En mer, que ce soit sur l’Ocean Viking (le bateau de SOS Méditerranée) ou sur le Geo Barents (le bateau de Médecin sans Frontière), le credo est le même, s’entraîner encore et toujours pour porter assistance aux bateaux en détresse avec à leurs bords des enfants, des femmes et des hommes qui fuient en quête d’une vie meilleure.
A terre, les politiques migratoires européennes agissent comme des remparts en refusant d’ouvrir des voies légales pour ces personnes qui tentent de changer de vie.
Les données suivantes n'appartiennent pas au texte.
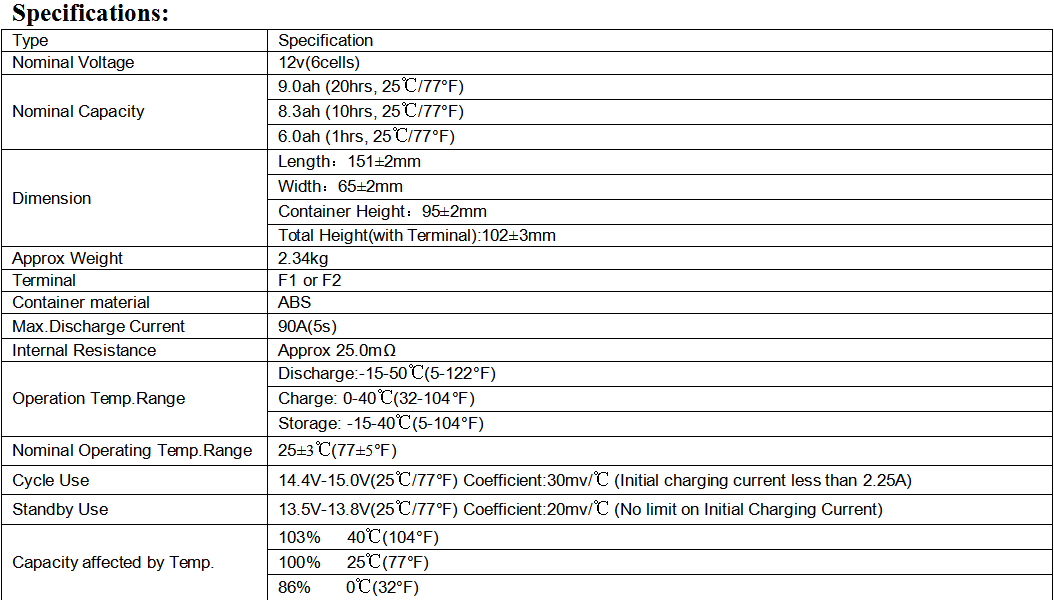 12v 9ah spec..png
Épaulée par Frontex (l’Agence européenne de garde-frontières et de garde-côtes) et son budget de 750 millions ***, la forteresse Europe déploie arsenal militaire et législatif pour empêcher les franchissements de frontières à terre comme en mer : drones, avions, bateaux, rétentions administratives, décrets criminalisant le travail des ONGs... L’Europe ne cesse de se réinventer pour empêcher ce que l’on appelle l’immigration irrégulière ou illégale. Dernier exemple en date, l’Italie, avec le gouvernement d'extrême droite de Giorgia Meloni, vient de passer un nouveau décret obligeant les bateaux humanitaires à rentrer au port après chaque sauvetage. Ces ports, désignés par les autorités italiennes, sont affectés de plus en plus loin de la zone de recherche. Une méthode qui essouffle économiquement les ONGs, obligeant celles-ci à de long périples en mer, et des allers- retours interminables entre les ports et la zone des sauvetages. La technique est limpide : faire perdre du temps et de l’argent alors que les tentatives de passages ne s’arrêtent pas.
Alors que vous lisez ce texte, en France, un projet de loi sur l’immigration doit être débattu par les parlementaires. Espérons que le pays des droits de l’homme n’éteigne pas ses lumières...
* missingmigrants.iom.int, mise à jour juin 2023
** L'opération Mare Nostrum est l’opération militaire et humanitaire menée par la Marina militaire entre octobre 2013 et novembre 2014. Elle fut lancée après le drame de Lampedusa ou 366 personnes perdirent la vie dans un naufrage au large de l’île.